In honor of many upcoming holidays this December, there is one orignally from México coming up this friday that holds special meaning in Catholicism and is also very symbolic in the town of Guadalupe, México.

Our Lady of Guadalupe ( also known as the Virgin of Guadalupe) represents the title of the  Vigin Mary whose image is continuosly celebrated in the Bascillica of Our Lady of Guadalupe in México City, one of the most visited catholic sites in the world today!

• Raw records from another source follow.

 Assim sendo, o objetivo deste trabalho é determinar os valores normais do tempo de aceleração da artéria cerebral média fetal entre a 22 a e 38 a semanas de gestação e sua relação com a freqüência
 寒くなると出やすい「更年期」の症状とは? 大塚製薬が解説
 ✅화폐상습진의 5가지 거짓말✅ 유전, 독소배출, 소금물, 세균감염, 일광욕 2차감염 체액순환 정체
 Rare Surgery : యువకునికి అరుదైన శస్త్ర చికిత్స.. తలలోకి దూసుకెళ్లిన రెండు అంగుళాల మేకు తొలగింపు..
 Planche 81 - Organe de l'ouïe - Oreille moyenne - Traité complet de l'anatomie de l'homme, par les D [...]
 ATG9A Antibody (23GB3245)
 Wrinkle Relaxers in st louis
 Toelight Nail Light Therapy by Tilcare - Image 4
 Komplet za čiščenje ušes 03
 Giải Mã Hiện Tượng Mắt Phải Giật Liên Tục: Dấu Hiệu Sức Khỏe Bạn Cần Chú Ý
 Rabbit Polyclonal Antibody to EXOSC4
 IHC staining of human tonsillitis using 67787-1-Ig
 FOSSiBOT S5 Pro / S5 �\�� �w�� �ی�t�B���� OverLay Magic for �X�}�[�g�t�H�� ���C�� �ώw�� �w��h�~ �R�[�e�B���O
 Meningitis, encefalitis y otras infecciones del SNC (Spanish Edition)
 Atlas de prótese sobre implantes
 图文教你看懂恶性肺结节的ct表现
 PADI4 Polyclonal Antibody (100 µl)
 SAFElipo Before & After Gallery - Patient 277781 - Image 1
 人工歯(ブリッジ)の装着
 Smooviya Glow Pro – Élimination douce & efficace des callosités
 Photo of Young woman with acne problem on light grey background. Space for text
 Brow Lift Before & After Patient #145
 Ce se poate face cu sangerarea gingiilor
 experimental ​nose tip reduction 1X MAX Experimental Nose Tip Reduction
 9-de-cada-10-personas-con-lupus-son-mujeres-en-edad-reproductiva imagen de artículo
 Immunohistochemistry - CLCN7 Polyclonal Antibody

On the morning of December 9, 1531 Juan Diego was on his way to mass when he saw symbol of a a maiden at the Hill of Tepayec, in what would become the town of Guadalupe  in the suburbs of Mexico City. Speaking to him in the native language, the maiden asked that a church be built at that site in her honor; from her words, Juan Diego recognized the maiden as the Virgin Mary. Diego recounted the events to the Archbishop of Mexico City, Fray Juan de Zumarraga who instructed him to return to Tepeyac Hill, and ask the “lady” for a miraculous sign to prove her identity. The first sign was the Virgin healing Juan’s uncle. The Virgin told Juan Diego to gather flowers from the top of Tepeyac Hill, where he found castillian roses, not native to Mexico, blooming in December on the normally barren hilltop. The Virgin arranged the flowers in his tilma or cloak, and when Juan Diego opened his cloak before Bishop Zumárraga on December 12, the flowers fell to the floor, and on the fabric was the image of the Virgin of Guadalupe.

On December 12, this tradtion continues to play a significicant role in faith and healing and is celebrated all over North and Central America.